Re: Sentence splitter [EXTERNAL]

Hi Masoud,

There is a very nice SentenceDetectorBIO in ctakes-core.  It will split sentences based upon features other than just a newline character, which appears to be what you want.

Sean


________________________________________
From: Masoud Rouhizadeh <mr...@jhu.edu>
Sent: Friday, March 9, 2018 4:41 PM
To: dev@ctakes.apache.org
Subject: Sentence splitter [EXTERNAL]

Hello cTAKES team!



I was wondering what types of sentence splitters are available in cTAKES? The default sentence splitter does not appear to be the best one. See output for the demo example from the example in cTAKES installation guide:



Dr. Nutritious Medical Nutrition Therapy for Hyperlipidemia Referral from:

Julie Tester, RD, LD, CNSD Phone contact:

(555)

555-1212 Height:

144 cm Current Weight:

45 kg Date of current weight: 02-29-2001 Admit Weight:

[...]



Thanks so much,

Masoud





----

Masoud Rouhizadeh, PhD

NLP Specialist / Software Engineer

Institute for Clinical and Translational Research

Johns Hopkins University

https://urldefense.proofpoint.com/v2/url?u=http-3A__pages.jh.edu_-7Emrouhiz1&d=DwIGaQ&c=qS4goWBT7poplM69zy_3xhKwEW14JZMSdioCoppxeFU&r=fs67GvlGZstTpyIisCYNYmQCP6r0bcpKGd4f7d4gTao&m=aZ4yDE4zQbRJuUQ8p-T5nPrjhYvXF28sFoJWEtP3sGU&s=ob0U2sSfS7UijTI8PqCh_MwMucxPc14ovmcC2vq7rDA&e=






Re: Sentence splitter [EXTERNAL]

Posted by Tomasz Oliwa <ol...@uchicago.edu>.
Thanks for the info Sean, this is helpful.

Tomasz

________________________________________
From: Finan, Sean <Se...@childrens.harvard.edu>
Sent: Tuesday, March 13, 2018 6:21:51 PM
To: dev@ctakes.apache.org
Subject: Re: Sentence splitter [EXTERNAL]
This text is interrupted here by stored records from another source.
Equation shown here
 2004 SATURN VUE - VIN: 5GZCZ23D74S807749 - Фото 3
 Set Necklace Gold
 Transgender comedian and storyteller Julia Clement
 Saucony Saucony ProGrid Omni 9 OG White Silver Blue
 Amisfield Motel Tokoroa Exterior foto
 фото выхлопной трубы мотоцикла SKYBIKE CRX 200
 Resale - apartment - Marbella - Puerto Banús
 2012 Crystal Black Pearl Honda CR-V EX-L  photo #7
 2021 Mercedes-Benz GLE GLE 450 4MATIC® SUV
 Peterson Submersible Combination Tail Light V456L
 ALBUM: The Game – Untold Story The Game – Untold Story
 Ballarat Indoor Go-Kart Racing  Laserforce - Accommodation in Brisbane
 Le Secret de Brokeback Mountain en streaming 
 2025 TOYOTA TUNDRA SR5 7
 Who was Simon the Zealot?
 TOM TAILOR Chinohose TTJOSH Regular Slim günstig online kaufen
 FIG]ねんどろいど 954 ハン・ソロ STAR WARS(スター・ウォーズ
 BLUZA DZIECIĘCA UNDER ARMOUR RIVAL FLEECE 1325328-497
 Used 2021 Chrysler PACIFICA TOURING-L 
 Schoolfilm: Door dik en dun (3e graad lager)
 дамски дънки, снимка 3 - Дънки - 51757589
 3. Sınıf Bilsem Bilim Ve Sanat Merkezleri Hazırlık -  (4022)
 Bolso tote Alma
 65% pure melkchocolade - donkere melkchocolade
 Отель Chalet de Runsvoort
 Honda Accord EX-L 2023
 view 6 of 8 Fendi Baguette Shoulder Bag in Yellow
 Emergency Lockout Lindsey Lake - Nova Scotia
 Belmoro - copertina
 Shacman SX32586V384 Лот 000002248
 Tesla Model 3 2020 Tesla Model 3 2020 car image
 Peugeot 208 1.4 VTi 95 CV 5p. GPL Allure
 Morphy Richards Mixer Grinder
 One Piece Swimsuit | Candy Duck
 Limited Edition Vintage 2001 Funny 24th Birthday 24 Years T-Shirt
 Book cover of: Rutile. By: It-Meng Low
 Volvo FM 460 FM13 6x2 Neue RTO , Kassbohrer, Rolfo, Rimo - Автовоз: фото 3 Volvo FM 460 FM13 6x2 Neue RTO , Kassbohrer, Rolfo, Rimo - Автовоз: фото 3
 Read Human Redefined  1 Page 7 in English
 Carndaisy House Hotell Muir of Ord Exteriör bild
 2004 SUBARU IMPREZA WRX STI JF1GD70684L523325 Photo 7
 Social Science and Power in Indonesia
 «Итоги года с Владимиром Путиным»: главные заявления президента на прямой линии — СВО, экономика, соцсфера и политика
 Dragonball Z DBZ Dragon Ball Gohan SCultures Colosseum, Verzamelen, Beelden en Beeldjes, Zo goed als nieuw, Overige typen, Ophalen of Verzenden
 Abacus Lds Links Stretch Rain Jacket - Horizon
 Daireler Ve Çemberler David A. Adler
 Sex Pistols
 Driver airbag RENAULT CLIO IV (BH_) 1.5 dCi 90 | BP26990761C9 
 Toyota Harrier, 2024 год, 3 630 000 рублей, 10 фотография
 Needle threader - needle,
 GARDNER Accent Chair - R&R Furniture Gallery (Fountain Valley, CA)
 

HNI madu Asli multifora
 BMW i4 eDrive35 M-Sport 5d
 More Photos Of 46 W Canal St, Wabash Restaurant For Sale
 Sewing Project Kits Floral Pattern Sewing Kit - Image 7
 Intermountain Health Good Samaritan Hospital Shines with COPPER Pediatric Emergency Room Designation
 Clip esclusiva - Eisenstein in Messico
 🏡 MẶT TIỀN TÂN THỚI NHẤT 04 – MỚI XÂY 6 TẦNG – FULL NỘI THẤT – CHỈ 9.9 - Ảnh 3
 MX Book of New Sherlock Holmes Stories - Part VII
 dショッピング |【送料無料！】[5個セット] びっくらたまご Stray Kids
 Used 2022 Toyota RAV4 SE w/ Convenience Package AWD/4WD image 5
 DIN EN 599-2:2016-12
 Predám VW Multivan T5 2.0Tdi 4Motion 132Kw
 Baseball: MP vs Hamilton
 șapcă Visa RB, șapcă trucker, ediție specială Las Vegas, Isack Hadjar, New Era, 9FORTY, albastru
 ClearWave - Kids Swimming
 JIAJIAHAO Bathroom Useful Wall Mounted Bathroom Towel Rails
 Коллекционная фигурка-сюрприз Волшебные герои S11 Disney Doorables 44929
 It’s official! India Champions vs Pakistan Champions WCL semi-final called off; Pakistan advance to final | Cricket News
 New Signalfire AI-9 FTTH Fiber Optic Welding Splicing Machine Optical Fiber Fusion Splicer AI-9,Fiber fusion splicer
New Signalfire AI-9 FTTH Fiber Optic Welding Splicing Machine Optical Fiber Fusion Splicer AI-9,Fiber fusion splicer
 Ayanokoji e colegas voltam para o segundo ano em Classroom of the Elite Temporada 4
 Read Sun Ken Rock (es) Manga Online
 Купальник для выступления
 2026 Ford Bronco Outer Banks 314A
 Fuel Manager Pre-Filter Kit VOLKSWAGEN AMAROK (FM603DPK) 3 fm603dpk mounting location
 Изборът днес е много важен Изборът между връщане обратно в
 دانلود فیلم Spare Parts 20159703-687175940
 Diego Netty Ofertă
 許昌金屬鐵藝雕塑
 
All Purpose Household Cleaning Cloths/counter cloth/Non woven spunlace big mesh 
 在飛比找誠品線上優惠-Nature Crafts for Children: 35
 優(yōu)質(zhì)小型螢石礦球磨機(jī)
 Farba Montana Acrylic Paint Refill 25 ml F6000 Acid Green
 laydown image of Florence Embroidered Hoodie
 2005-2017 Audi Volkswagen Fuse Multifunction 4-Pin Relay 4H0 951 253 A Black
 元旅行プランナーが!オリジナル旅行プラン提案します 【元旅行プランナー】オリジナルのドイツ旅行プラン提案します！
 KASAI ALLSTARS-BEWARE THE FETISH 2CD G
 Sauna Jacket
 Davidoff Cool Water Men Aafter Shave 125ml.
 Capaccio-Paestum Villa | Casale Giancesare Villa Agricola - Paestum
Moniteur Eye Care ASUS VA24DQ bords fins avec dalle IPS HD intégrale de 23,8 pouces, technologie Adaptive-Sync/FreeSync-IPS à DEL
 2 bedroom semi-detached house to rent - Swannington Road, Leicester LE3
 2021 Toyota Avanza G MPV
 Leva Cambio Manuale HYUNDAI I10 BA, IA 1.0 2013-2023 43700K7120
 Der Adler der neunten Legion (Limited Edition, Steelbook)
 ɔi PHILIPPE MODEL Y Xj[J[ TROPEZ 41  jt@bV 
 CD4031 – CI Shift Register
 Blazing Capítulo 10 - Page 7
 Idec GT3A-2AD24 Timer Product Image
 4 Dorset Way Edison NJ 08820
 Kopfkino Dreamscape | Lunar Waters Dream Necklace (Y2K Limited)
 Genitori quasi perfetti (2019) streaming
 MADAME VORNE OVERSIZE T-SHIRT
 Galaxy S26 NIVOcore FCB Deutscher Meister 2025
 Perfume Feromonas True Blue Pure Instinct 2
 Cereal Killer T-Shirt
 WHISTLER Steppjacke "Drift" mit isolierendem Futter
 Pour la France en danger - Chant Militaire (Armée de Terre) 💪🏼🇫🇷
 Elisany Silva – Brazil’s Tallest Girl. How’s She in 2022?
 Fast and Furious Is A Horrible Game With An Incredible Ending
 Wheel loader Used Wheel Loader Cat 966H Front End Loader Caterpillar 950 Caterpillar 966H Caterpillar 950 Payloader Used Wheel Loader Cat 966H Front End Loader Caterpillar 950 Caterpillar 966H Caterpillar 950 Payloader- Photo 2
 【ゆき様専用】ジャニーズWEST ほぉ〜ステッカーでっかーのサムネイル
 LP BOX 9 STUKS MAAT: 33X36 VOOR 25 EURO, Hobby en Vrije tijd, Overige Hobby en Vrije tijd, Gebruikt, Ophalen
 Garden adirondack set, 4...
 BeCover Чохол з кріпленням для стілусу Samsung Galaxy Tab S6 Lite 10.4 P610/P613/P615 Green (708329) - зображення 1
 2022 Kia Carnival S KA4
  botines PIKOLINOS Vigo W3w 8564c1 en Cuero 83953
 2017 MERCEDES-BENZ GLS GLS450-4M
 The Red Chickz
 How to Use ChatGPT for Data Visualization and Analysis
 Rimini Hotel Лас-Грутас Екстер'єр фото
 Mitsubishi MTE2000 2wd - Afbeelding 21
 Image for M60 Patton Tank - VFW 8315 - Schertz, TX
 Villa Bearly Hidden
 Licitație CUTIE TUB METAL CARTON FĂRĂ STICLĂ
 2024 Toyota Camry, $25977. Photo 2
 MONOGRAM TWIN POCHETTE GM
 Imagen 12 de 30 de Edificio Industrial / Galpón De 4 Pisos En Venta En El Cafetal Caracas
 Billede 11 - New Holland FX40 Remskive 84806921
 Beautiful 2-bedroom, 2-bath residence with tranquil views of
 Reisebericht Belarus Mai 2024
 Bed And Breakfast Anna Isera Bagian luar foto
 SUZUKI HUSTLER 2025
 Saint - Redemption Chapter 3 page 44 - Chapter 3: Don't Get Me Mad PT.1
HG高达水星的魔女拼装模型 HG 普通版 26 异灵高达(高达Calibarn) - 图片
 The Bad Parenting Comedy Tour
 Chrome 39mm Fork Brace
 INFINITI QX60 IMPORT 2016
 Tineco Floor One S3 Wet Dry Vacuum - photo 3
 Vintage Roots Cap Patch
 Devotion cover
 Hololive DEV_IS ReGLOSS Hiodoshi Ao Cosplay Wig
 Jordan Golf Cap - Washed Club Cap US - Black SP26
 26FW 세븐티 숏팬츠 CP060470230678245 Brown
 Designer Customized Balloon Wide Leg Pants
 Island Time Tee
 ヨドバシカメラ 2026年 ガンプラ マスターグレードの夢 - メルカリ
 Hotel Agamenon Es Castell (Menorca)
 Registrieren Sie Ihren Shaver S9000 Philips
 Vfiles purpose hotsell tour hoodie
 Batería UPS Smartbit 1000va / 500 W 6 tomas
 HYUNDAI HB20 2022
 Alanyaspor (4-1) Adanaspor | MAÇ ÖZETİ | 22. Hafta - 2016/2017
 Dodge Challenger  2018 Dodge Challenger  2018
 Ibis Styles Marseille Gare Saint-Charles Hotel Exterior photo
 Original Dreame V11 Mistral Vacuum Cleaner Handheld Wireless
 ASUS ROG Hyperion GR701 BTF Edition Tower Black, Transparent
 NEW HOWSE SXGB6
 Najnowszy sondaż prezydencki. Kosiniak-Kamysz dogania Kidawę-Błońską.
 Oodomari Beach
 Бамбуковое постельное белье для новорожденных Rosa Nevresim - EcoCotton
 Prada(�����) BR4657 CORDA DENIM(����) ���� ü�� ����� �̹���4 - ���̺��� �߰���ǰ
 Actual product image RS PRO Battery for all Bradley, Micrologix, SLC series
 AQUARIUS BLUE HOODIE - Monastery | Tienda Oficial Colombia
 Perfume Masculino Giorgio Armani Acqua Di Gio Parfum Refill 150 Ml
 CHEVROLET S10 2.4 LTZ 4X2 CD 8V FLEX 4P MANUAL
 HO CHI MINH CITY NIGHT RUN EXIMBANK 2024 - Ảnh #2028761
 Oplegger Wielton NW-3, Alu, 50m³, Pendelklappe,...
Just fyi, a lot of things start to get IN pos with the different breaks.  For that reason we removed the exclusion of IN from the dictionary lookup in another project using the bio detector:

// This is the same as the default list except that "IN" is not excluded
set exclusionTags="VB,VBD,VBG,VBN,VBP,VBZ,CC,CD,DT,EX,LS,MD,PDT,POS,PP,PP$,PRP,PRP$,RP,TO,WDT,WP,WPS,WRB"

If things still go missing you can just not exclude any pos from lookup - which is what I do in yet another project.

Sean


________________________________________
From: Tomasz Oliwa <ol...@uchicago.edu>
Sent: Tuesday, March 13, 2018 6:14 PM
To: dev@ctakes.apache.org
Subject: Re: Sentence splitter [EXTERNAL]

Interesting, with the SentenceDetectorAnnotatorBIO the WordToken "aspirin" gets partOfSpeech = "IN", with the regular SentenceDetectorAnnotator it is "NN".

Looks like you were right Tim, since IN stands for preposition or subordinating conjunction as defined at https://urldefense.proofpoint.com/v2/url?u=https-3A__www.ling.upenn.edu_courses_Fall-5F2003_ling001_penn-5Ftreebank-5Fpos.html&d=DwIF-g&c=qS4goWBT7poplM69zy_3xhKwEW14JZMSdioCoppxeFU&r=fs67GvlGZstTpyIisCYNYmQCP6r0bcpKGd4f7d4gTao&m=Q5JhdPhBsKD7UM5afTxmQ6lmFQzj0gmPCyFcefaEoRQ&s=_HkxQUxlBtVxn79KEjc8GFOT4w6qba_BBJXlkMjmLpI&e=

Tomasz

________________________________________
From: Miller, Timothy <Ti...@childrens.harvard.edu>
Sent: Tuesday, March 13, 2018 4:57:36 PM
To: dev@ctakes.apache.org
Subject: Re: Sentence splitter [EXTERNAL]

That sounds bizarre! I can think of two possibilities: a sentence break in the middle of the word (unlikely), or the different sentence splits caused the POS tagger some confusion, and tagged the word aspirin as a forbidden part of speech, like a preposition or something. If you check the token annotation on the word aspirin you should be able to see the part of speech tag for that word.
Tim

________________________________________
From: Tomasz Oliwa <ol...@uchicago.edu>
Sent: Tuesday, March 13, 2018 5:34 PM
To: dev@ctakes.apache.org
Subject: Re: Sentence splitter [EXTERNAL]

Hi,

I tested SentenceDetectorAnnotatorBIO in cTAKES 4.0.0, simply by replacing SentenceDetectorAnnotator.xml with SentenceDetectorAnnotatorBIO.xml in AggregatePlaintextFastUMLSProcessor.xml.

While it seemed to work, I noticed that in one example, an IdentifiedAnnotation was not found, that was found for the same input with just SentenceDetectorAnnotator.xml.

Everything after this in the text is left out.